Avison Young Principal Jay Maddox details the modifications to Dodd-Frank that clarify the rules and set the stage for lenders to provide more options to commercial real estate sponsors.

 

Jay Maddox, Avison Young

Amid the flurry of economic news last month, Congress enacted the Economic Growth, Regulatory Relief and Consumer Protection Act (S.2155) that contained a long list of rollbacks of post-recession regulations under the Dodd-Frank Act.  The good news for banks and borrowers is that this bill includes important clarifications and modifications to the previous High Volatility Commercial Real Estate (HVCRE) requirements promulgated in 2015 under Basel III that make it easier for banks to make acquisition, development and construction (“ADC”) loans.

The original rules required banks to carry 150 percent risk-weighting for loans categorized as HVCRE, meaning the banks would have to maintain 50 percent more regulatory capital against such loans than for to non-HVCRE loans. When the original HVCRE rules went into effect, there was significant outcry from both banks and borrowers.  Many banks simply classified all construction loans as HVCRE, curtailing their lending capacity.

The HVCRE rule opened the floodgates for non-bank lenders such as private loan funds that weren’t subject to risk-based capital rules.  The influx of capital from these lenders helped to maintain some competitive market stability, but for the most part, the HVCRE rules were considered over-reaching, and constrained the bank construction lending market. 

In response to many banks’ complaints about the complexity, ambiguity, and difficulty of implementing HVCRE rules, Federal bank regulatory agencies formally proposed changes during 2017 that would have created a new category subject to a reduced 130 percent capital surcharge called high volatility acquisition, development or construction (“HVADC”) credit risk exposure.  Banks would have been required to classify virtually all commercial real estate loans as HVADC, except for permanent loans where project income is sufficient to cover debt service, regardless of the borrower’s equity contribution.    
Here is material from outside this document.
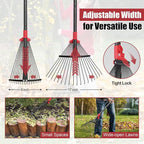 Garden Rake for Leaves: 70 Inch Adjustable Long Handle 18 Metal Tines with 8-17" Expandable Head Heavy Duty Metal Rake for Lawns Leaves Yard Grass Camping Debris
While the regulators’ proposed revisions were easier to interpret, they were still considered over-reaching, and left unanswered some important considerations that the final bill approved by Congress was intended to resolve.  The new legislation includes a new definition of an HVCRE ADC loan.

What Borrowers Should Expect

Here is a quick summary of the key changes under HVCRE ADC that benefit banks and borrowers alike:

  • As before under HVCRE, loans that are less than 80 percent of completed value, when the borrower’s capital contribution is at least 15% of the completed value, remain exempt from the 150% capital surcharge.
  • Borrowers can now count the appreciated market value of their equity in the property (rather than the purchase price, which would be much lower) toward their capital contribution, whereas under HVCRE this was excluded. Counting market equity was common industry practice before HVCRE, and this is a very welcome change..
  • Borrowers can now take cash distributions from the property provided the minimum 15% equity contribution is maintained, whereas under the original HVCRE rules distributions were prohibited.
  • Once development and construction are substantially completed and the property generates cash flow sufficient to cover debt service and expenses, it can be re-classified as non-HVCRE ADC. The original HVCRE rule did not spell out the conditions for re-classification.

These revisions to the FDIC code mandated by the new Congressional legislation that was signed by the president are likely to be adopted by regulators via a set of new regulations.  Industry groups such as the Mortgage Bankers Association and the CRE Finance Council are providing initial guidance to regulators as they craft the new rules to help ease the transition.

The new legislation goes a long way to softening and clarifying the original HVCRE regulations and mandates the FDIC to change the rules. Of course, there can be no assurance that banks will aggressively re-enter the construction lending market.  However, these changes may result in more banks increasing allocations, which should provide borrowers more options and better pricing and deal execution.